As duas senhoras sentaram-se em frente do canapé, costurando nas faixas e panos necessários para o curativo. Antoninho agatinhava à preguiceira, e passeava amparando-se à beira do estofo ou aos joelhos do cego, que nunca o deixava passar sem um beijo. A criança ria às guinadas, quando vingava iludir o velho, que se fingia zangado com o engano.
Quem seis dias antes tivesse visto no palacete de Ponte o solitário cego, de fronte abatida para o peito, braços pendidos, ou agitados, a espancar as trevas interiores em busca de um lampejo que lhe deixasse entrever a vida de além túmulo! Quem agora o visse na casinha das Boticas, a brincar com um menino, a rir das criancices que não via, a folgar que Joana lhe descrevesse as cabanas da aldeia, os trajos das barrosãs, a sua maneira de dizer, as bagatelas com que pessoas alegres costumam aligeirar as horas!...
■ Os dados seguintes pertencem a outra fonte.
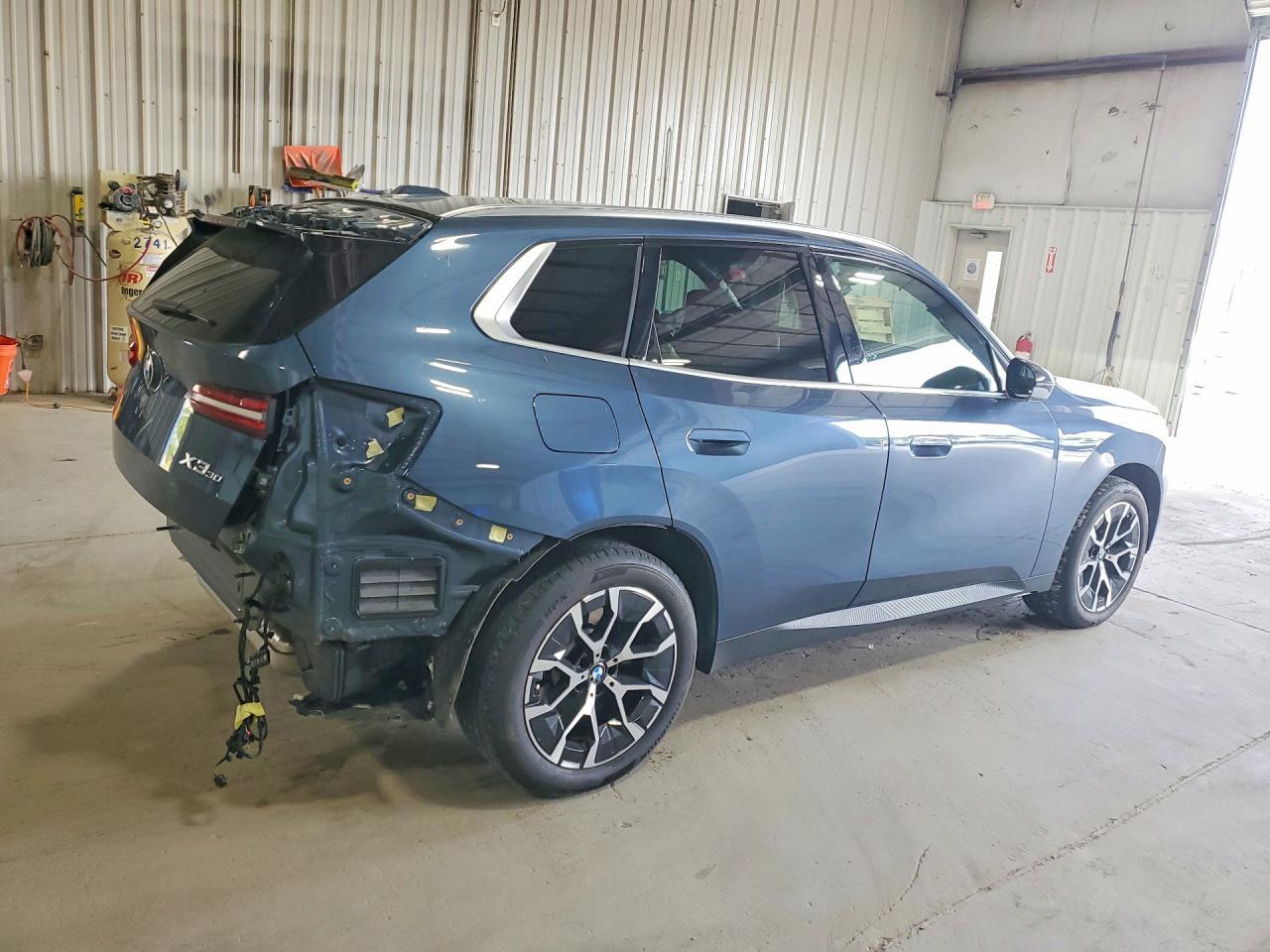 2025 BMW X3 30 xDrive - zdjęcie 3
Esta incongruente transfiguração quem a operou? A esperança da luz? O contato da família feliz? A influência misteriosa do que há aí sem nome, e sem ideia nos atos da Providência?
Tudo isto, e o mais que possa ocorrer às almas inteligentes de espiritualismo, não nos dá a causa de tão capital mudança.
Eu ousaria explicar tudo em pouco. A palavra Deus abrange o incógnito de céu e terra, o incompreensível da alma, e o insondável liame de coisas que a razão natural, de pouco alcance mas inflexívelmente orgulhosa, capitula de paradoxos. Deus. Por que não?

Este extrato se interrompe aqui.